* **Problem description**:
Exactly reproduce the lines from the line bearing "Louis, MS 39520" through the end of the listing, inclusive of both; pictures are to be omitted.

* **Task inputs**:
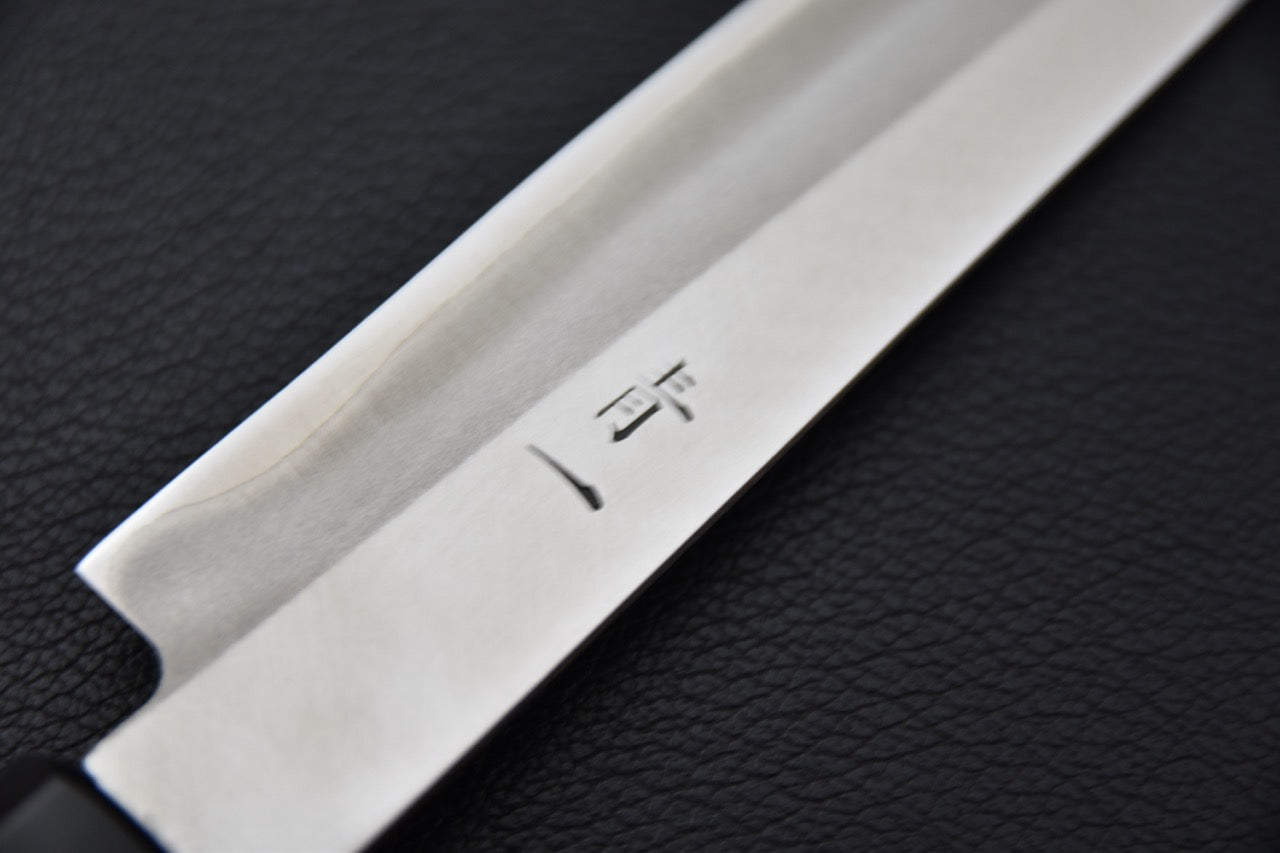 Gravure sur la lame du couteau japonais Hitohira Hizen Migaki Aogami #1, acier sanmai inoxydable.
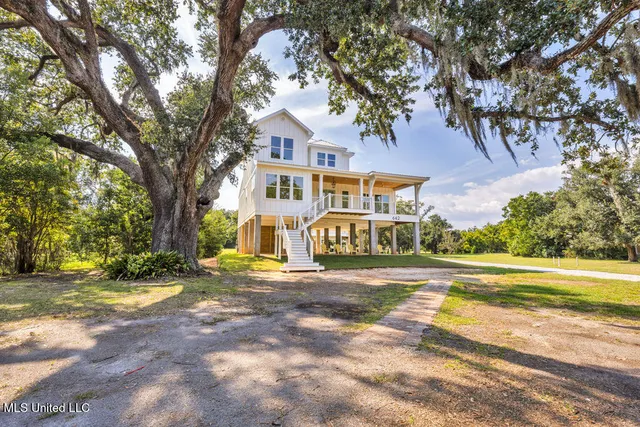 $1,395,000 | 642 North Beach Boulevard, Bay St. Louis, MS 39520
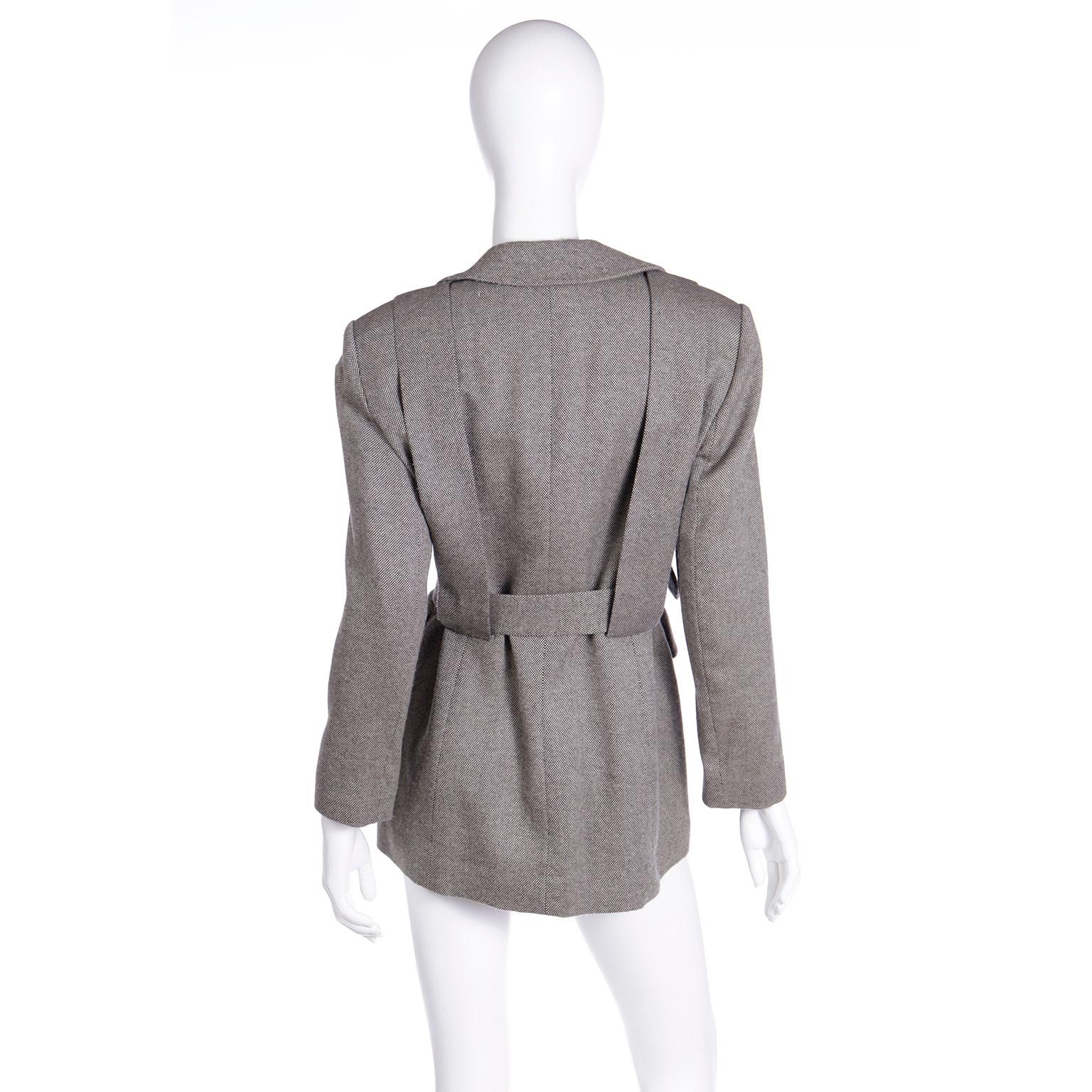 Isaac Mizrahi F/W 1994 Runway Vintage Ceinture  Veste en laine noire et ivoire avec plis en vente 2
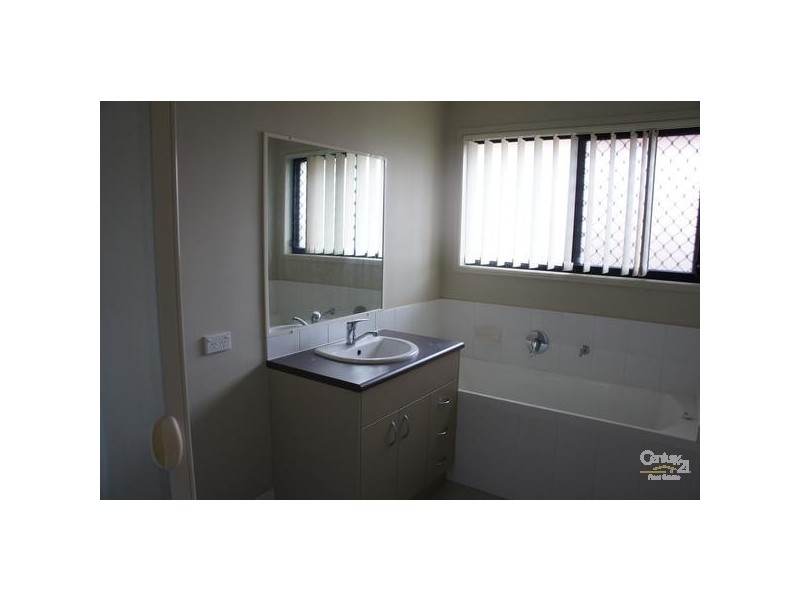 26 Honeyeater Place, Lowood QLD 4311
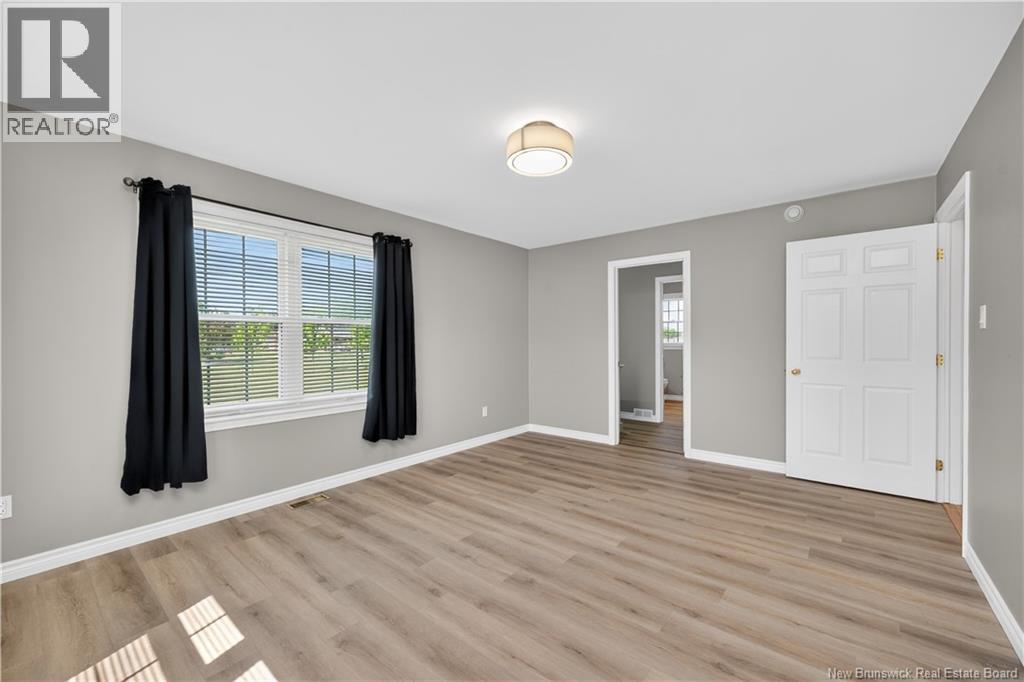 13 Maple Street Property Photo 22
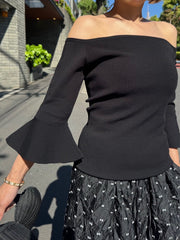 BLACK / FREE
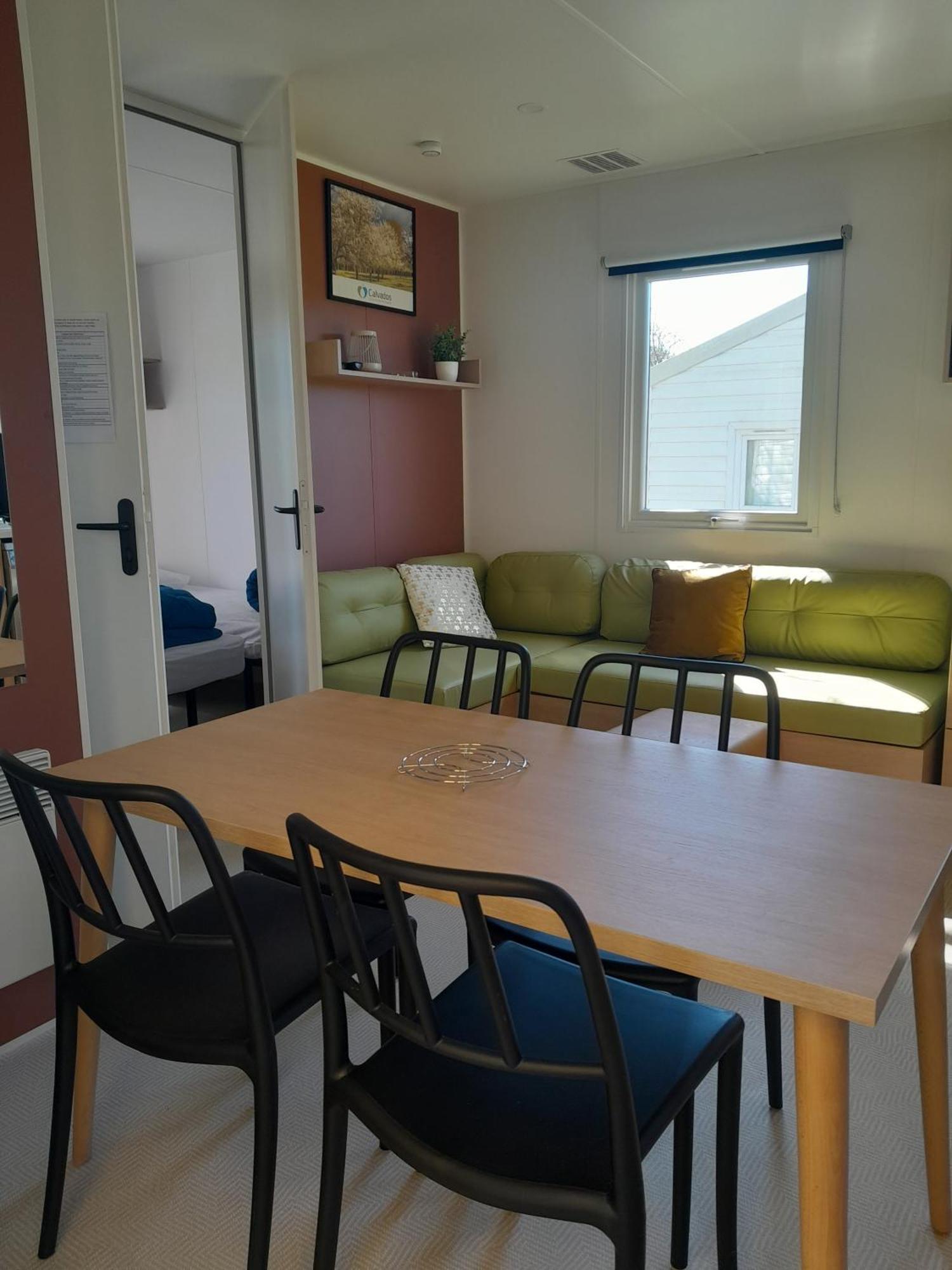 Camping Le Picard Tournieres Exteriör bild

* **Response box**:
 $1,395,000 | 642 North Beach Boulevard, Bay St. Louis, MS 39520
 Isaac Mizrahi F/W 1994 Runway Vintage Ceinture  Veste en laine noire et ivoire avec plis en vente 2
 26 Honeyeater Place, Lowood QLD 4311
 13 Maple Street Property Photo 22
 BLACK / FREE
 Camping Le Picard Tournieres Exteriör bild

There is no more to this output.